I tilt my chin and wince at the pain jabbing the back of my head.

“The tarot card.” Foreboding squeezes my chest as my fingers trace the shimmering silver pentagram from the back of the card, glinting in the streetlights.

I rise to my feet, almost in slow motion, my movements weighed down with confusion and a throbbing headache that pulses in sync with my heartbeat. My balance wavers, and I sway on my feet like I’m at sea. I take a breath and steady myself. I know what it’s going to say. I know it’s going to tell me to see the door and open it. I know that it’s all nonsense. Isn’t it?

I smooth down my rumpled dress and bite the inside of my cheek. I can’t shake the apprehension tightening my chest, quaking through my limbs.

This time when I flip the card over, words do not appear. Instead, it’s a clear and vibrant image of a woman on a throne. Her expression is still and serene as she gazes into a mirror. Her flowy dress is a vibrant red that matches the swollen pomegranates framing her, and a delicate tiara rests on top of her braided hair.

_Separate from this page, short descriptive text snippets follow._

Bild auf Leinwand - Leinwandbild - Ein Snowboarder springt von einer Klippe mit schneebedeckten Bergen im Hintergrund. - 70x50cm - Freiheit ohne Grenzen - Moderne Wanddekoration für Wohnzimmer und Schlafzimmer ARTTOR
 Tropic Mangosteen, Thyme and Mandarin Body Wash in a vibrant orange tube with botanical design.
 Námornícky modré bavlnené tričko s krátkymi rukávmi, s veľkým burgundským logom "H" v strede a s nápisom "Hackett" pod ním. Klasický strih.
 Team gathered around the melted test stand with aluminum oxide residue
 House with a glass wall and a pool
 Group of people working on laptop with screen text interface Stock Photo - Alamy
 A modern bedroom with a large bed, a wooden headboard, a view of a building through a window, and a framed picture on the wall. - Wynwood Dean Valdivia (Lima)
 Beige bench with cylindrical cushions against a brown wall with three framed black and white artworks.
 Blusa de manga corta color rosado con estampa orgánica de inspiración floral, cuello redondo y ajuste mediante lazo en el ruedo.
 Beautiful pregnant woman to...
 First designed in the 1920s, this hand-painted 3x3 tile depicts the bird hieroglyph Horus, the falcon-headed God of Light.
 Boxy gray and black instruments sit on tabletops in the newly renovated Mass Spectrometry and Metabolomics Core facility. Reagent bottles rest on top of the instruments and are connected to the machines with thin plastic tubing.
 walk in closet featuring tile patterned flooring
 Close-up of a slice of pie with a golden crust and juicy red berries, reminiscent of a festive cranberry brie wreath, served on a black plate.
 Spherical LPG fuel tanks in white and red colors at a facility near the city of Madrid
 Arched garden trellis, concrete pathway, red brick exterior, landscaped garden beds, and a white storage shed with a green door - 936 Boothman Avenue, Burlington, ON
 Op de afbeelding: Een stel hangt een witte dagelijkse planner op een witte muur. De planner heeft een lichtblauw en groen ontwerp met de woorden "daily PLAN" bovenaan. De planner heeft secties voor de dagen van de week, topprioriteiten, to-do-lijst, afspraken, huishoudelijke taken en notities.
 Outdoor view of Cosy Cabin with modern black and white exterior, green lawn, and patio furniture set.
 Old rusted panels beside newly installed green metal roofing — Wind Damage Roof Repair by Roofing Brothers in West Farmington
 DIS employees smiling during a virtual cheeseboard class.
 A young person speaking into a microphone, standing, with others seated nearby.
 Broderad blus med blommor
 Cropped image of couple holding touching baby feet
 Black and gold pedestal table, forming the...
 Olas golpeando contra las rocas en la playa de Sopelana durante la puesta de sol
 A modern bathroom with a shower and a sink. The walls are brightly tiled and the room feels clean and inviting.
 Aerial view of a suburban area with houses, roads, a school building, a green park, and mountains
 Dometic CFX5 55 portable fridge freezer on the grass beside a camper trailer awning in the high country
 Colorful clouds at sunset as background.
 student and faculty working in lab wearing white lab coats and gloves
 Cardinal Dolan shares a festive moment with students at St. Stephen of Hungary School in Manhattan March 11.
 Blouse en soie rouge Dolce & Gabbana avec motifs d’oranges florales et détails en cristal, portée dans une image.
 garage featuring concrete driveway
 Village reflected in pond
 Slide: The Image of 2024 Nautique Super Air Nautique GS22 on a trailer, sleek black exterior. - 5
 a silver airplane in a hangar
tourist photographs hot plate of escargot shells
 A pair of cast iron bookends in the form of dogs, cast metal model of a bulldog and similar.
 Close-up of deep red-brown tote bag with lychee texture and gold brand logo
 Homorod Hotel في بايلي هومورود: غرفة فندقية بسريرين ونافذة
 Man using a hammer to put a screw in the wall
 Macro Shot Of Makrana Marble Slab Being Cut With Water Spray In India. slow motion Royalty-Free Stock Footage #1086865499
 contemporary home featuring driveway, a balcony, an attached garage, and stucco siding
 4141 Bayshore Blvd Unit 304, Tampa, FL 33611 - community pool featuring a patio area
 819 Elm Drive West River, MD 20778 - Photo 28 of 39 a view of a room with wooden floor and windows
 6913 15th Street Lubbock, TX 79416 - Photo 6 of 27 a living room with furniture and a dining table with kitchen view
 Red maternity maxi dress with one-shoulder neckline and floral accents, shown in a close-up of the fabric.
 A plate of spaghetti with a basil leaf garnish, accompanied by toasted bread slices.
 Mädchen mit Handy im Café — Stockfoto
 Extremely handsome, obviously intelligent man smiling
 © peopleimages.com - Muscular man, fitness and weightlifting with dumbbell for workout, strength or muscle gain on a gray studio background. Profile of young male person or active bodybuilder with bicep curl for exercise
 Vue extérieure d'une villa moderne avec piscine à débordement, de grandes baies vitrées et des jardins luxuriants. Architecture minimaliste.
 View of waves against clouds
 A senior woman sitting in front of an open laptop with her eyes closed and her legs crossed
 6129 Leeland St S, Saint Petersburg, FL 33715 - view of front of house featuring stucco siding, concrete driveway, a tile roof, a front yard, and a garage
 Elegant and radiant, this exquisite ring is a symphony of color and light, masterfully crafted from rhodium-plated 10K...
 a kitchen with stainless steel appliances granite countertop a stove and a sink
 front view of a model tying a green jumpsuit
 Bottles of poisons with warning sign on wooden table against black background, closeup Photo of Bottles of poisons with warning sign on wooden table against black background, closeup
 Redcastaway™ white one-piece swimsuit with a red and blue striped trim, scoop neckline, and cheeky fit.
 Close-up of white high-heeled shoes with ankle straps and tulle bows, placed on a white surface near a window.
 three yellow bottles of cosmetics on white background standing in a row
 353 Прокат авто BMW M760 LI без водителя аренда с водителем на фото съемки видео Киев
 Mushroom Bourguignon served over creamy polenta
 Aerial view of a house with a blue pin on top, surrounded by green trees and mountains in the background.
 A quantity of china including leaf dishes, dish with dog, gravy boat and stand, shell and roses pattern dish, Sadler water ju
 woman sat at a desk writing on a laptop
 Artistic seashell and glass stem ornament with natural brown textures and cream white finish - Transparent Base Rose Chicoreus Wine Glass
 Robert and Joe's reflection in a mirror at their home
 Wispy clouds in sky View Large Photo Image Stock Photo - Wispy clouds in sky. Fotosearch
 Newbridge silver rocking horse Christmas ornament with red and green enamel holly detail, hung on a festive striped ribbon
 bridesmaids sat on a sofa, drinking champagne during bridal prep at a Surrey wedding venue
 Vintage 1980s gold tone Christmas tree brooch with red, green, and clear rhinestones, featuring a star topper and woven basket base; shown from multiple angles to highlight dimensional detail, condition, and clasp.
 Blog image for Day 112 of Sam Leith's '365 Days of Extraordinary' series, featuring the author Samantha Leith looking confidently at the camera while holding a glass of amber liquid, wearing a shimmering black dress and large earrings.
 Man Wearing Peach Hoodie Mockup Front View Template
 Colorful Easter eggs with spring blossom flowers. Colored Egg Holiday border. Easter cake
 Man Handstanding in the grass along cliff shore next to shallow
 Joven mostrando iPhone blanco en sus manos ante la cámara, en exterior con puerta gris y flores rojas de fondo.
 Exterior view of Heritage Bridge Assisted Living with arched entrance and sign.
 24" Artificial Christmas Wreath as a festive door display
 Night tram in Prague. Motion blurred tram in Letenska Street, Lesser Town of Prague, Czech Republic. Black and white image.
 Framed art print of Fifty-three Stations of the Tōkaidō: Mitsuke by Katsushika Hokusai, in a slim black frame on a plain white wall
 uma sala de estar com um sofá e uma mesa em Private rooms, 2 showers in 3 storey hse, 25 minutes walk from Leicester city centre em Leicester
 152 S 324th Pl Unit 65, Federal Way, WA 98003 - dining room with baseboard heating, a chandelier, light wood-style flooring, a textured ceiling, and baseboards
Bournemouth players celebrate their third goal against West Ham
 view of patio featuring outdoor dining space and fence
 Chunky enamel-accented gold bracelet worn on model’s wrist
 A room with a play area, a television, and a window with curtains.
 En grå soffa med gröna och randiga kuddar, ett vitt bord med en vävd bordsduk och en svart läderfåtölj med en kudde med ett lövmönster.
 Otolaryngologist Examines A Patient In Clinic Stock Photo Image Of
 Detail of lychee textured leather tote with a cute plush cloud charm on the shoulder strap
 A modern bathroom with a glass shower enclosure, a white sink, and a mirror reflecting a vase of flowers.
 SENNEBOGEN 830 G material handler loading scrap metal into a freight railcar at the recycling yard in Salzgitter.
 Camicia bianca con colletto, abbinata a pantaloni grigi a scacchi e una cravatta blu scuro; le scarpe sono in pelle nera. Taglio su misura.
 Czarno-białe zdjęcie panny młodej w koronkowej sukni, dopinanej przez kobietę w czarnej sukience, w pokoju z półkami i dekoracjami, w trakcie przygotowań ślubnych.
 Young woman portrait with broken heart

Surrounding the throne is a lush garden that bursts with yellows, blues, and greens against a deep-cobalt sky speckled with twinkling stars.

I stare, transfixed, warmth seeping into my fingertips in a gentle swell that washes up my arm like the first rays of sun after a snowstorm. It pours into my chest, comforting yet unnerving. My vision starts to blur, and the edges of the world soften, the colors bleeding into one another.

Beneath my feet, the solid concrete shudders, and the mantra—my mantra—the one that didn’t work, the one to which I pinned all my hopes, echoes loudly and insistently in my ears, its words a buoy keeping me afloat as the world around me comes undone.

See the door and open it .

As if bewitched by my thoughts, the snow-covered Chicago sidewalk swings open. The world tilts, and I stumble forward and fall head over heels into endless velvety black. A scream catches in my throat. The card falls through with me, the image of the woman on the throne flashing in and out of focus, her eyes following mine, a Cheshire smile stretched across her lips.